What is required ::
Using the data beneath this instruction, retype only the lines from the one that contains "Rental Mobil Lombok" down to the one that contains "Biden sympathetic well", both included, exactly as they appear.

Available data ::
◆ ◆ ◆ ◆ ◆ ◆ ◆
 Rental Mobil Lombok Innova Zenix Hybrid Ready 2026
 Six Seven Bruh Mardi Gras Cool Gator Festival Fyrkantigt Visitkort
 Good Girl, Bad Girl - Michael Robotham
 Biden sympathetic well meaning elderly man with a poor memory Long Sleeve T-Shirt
◆ ◆ ◆ ◆ ◆ ◆ ◆
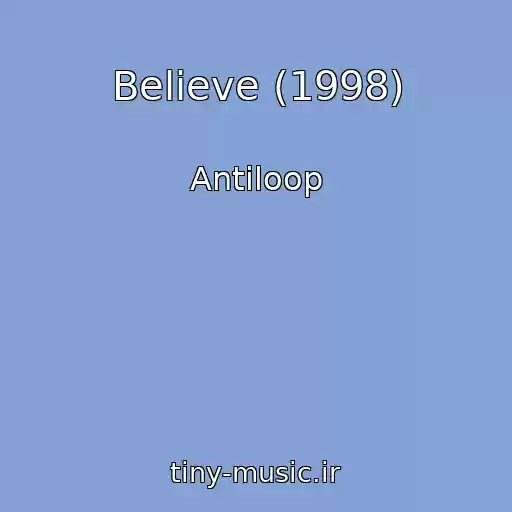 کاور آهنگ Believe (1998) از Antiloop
◆ ◆ ◆ ◆ ◆ ◆ ◆
Your solution ::
 Rental Mobil Lombok Innova Zenix Hybrid Ready 2026
 Six Seven Bruh Mardi Gras Cool Gator Festival Fyrkantigt Visitkort
 Good Girl, Bad Girl - Michael Robotham
 Biden sympathetic well meaning elderly man with a poor memory Long Sleeve T-Shirt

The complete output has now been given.